= Subrata Maitra (physician) =

Bengali medical doctor

Subrata Maitra (8 September 1956 – 17 March 2016) was a doctor known for treating several high-profile patients including Bengali actress Suchitra Sen, the Chief Minister of West Bengal, Mamata Banerjee, Ramakrishna Mission president Swami Ranganathananda.

== Early life ==

Maitra was born in Kolkata to Shri Kashi Kanta Maitra and Smt. Reba Maitra. He attended Jagabandhu Institution, Ballygunge for his schooling years and went to Calcutta National Medical College to complete his MBBS studies, following which he obtained a postgraduate degree (DNB) from New Delhi. At the age of 26, he left home and went to the United Kingdom to complete his MRCP qualification. After working in the UK as a Junior doctor in various fields including critical care for nearly 8 years, he came back home and joined the Woodlands Hospital in Kolkata.

== Career ==
Maitra spent nearly five years trying to improve the ailing state-run health care system in West Bengal. He used to helm the expert committee on health formed by the chief minister.

Maitra helped set up a hospital - Ranganathananda Gramin Swastha Seva Kendra - in Sandeshkhali block of the Sundarbans.

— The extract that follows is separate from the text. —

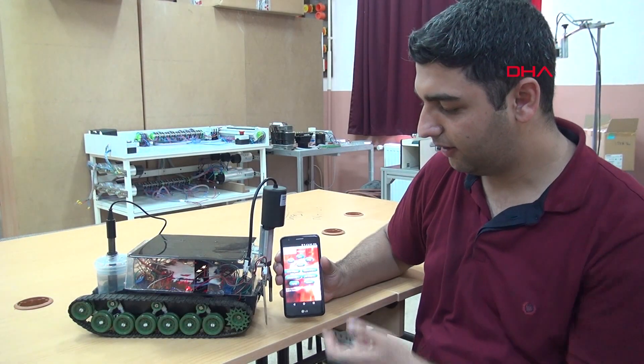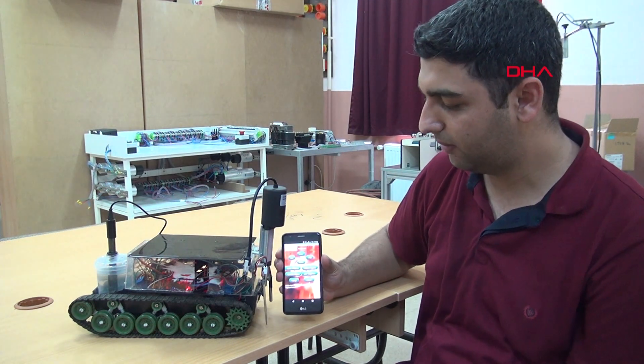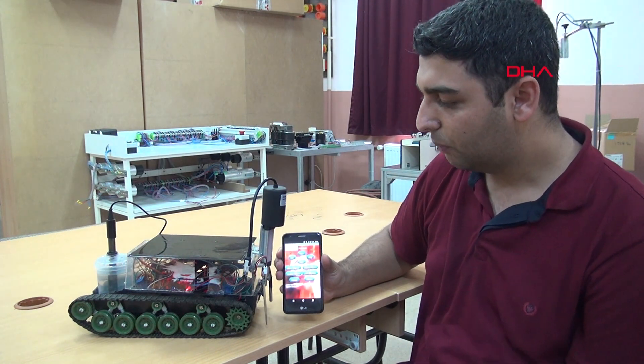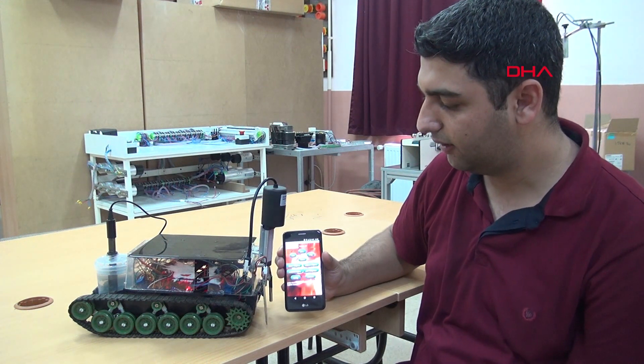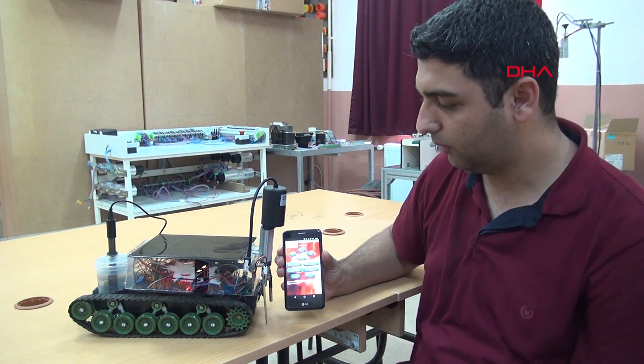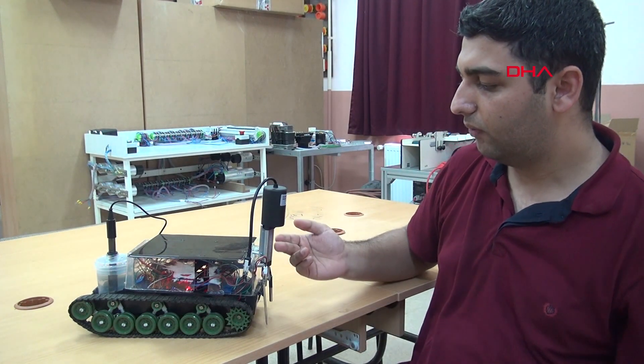We are working on the Bluetooth system with Android. We are working on the robot's movements and the piston system.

A disciple of the Belur Math, he had distributed medicines, food and water to Sunderbans villagers after Cyclone Aila ravaged the islands in May 2009.

In 2015, Maitra was awarded "Banga Bhushan" award by the West Bengal government for his contribution to the state's healthcare.

==Death==
Maitra was diagnosed with brain tumour in December 2014. On 14 March 2016, he was shifted to Belle Vue Clinic, Kolkata. He subsequently died on 17 March 2016 following multi-organ failure.

==Personal life==
Maitra was married to Chaitali Mukherjee, a guest Lecturer in English at St. Paul's Mission College and had two sons.